Such conditions and features have varying spatial distribution and magnitude which are likely to affect plant growth and species distribution in JGWF. The study area was divided into 320 grid points that were used as probing points for determining SDCB and BR. Global positioning system (GPS) model GARMIN etrex 10 was used to locate grid points, while a long graduated stick was used to measure depths from soil surface to coral bedrock at each point. SDCB was calculated as an arithmetic mean of measured depths and BR as standard deviation of measured depths.

ArcGIS 10.1 was used to map SDCB and BR of JGWF. Kichangani in Tumbatu Islet was visited to gather information related to abrasion that took place on coastal coral bedrock.

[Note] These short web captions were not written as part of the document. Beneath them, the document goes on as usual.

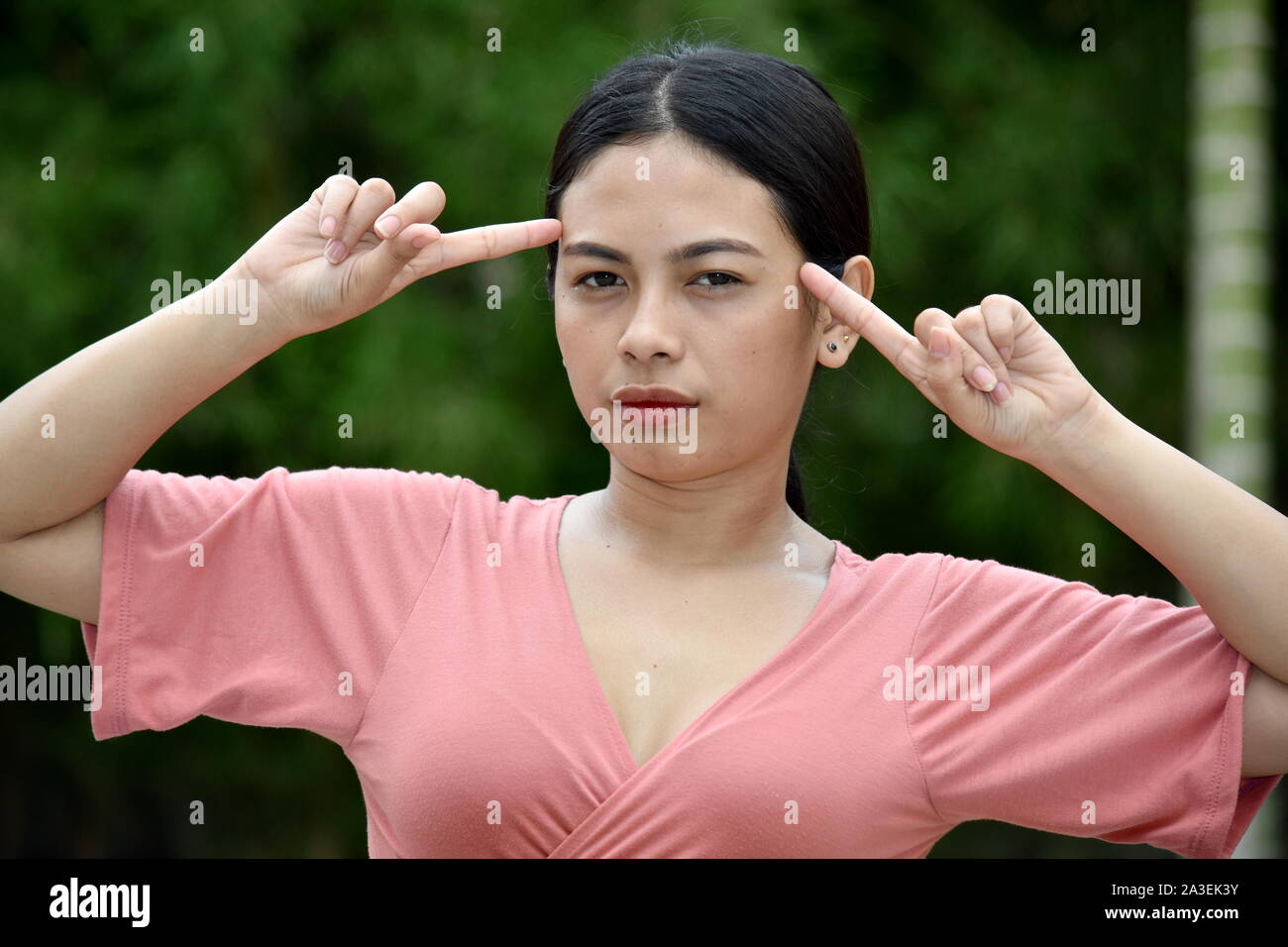 A Dumb Beautiful Asian Female Stock Photo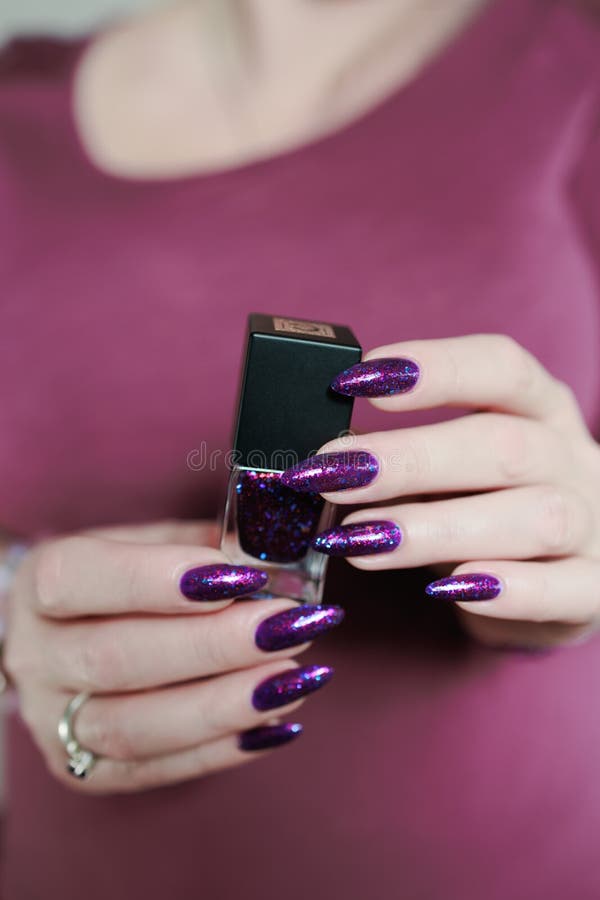 Weibliche Hand mit langen Nägeln und lila Pflaumenmaniküre stockfotografie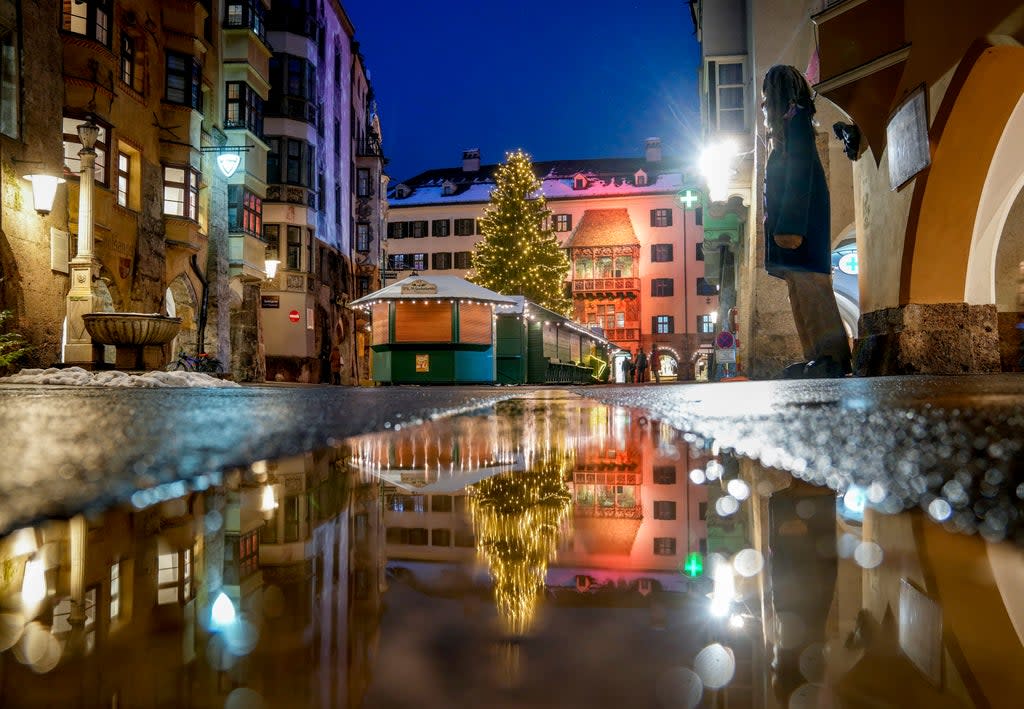 The Christmas tree of Innsbruck’s closed festive market is reflected in a puddle  (AP)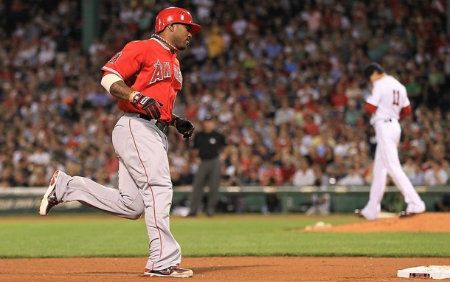 Howard Kendrick #47 of the Los Angeles Angels rounds the bases on a home run he hit off of Clay Buchholz #11 of the Boston Red Sox in the sixth inning against the Boston Red Sox at Fenway Park on August 22, 2012 in Boston, Massachusetts.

Minimum values of SDCB and BR obtained from JGWF grassland were used to rank and categorize SDCB and BR in JGWF.

Results from probes on the 302 grid points showed that JGWF has range of SDCB of about 0.35 - 1.4 m and above (>1.4 m) and BR of 0.1 - 0.4 m and above (>0.4 m).Trends of SDCB and BR values in JGWF were complex, decreasing towards the cliff on the West and towards North-end, but increased in the opposite direction.

It was concluded from this study that there are complex relationships between SDCB and BR on coral land and that the relationships can be captured, ranked, and mapped. Such relationships affect plant growth and species distribution. Again, flat platform which was found at Kichangani and grassland of JGWF is an evidence of seawater abrasion on coral bedrocks.